Amid mounting demands for a ban on all forms of asbestos, leading
international scientists have claimed that research into health
hazards associated with the substance is being improperly
influenced by commercial interests.
American safety expert Dr Richard Lemen, has written to the
directors-general of the World Health Organisation, the
International Labour Office, and the United Nations Environment
Programme complaining of commercial bias.
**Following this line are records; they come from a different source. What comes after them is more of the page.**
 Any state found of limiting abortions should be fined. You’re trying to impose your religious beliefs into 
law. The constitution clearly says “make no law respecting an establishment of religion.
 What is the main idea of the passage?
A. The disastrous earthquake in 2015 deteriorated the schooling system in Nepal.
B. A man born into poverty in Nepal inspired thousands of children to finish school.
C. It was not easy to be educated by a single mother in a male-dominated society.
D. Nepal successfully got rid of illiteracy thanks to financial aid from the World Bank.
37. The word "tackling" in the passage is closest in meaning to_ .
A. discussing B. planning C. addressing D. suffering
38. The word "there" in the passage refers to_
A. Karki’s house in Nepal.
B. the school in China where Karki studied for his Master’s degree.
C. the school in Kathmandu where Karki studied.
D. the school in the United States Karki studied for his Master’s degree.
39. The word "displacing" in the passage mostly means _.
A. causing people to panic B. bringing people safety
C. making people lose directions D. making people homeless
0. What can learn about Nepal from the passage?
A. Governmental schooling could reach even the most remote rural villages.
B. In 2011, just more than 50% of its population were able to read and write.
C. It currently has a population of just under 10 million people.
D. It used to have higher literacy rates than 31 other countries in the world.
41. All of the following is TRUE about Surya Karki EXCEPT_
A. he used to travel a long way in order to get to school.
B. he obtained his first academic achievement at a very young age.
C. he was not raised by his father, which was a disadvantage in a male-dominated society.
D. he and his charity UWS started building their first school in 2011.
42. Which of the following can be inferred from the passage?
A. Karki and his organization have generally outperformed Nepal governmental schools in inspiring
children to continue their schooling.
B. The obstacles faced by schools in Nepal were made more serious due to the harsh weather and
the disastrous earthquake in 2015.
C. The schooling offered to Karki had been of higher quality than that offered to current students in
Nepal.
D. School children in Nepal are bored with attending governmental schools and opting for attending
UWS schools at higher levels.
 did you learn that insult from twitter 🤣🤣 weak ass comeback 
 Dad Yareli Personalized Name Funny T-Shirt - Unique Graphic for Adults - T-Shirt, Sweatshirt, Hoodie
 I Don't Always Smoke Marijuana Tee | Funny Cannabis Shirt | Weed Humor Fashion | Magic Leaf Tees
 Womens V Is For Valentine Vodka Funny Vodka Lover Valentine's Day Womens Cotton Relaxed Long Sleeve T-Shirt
Dr Lemen is particularly concerned about the research carried out
under the International Programme on Chemical Safety (IPCS), which
includes work on asbestos and lead.
He said: "IPCS repeatedly places representatives of the affected
industries in central roles in writing IPCS publications in
violation of accepted procedures for scientific objectivity. In
some cases independent experts have been excluded because of
opposition by business interests."
Lemen warns: "this deviation from fair practice" has occurred in
the production of safety documents on chrysotile asbestos, lead,
and metholyne chloride.
The complaint has been taken up in this country by George
Henderson, national secretary of the TGWU union and a member of the
Health and Safety Executive's construction advisory
committee.
"My union's national committee is fearful that the IPCS chrysotile
panel would produce a propaganda document that could spur sales of
asbestos to developing countries, the result would be horrendous,
particularly in countries with limited health infrastructure," he
told CJ.
Henderson said there was evidence of "extreme bias in favour of the
chemical and asbestos industries in their evaluations of
environmental health hazards".
Dr Lemen's protest is backed by more than fifty scientists from the
US, Canada, the UK, Israel, and South Africa.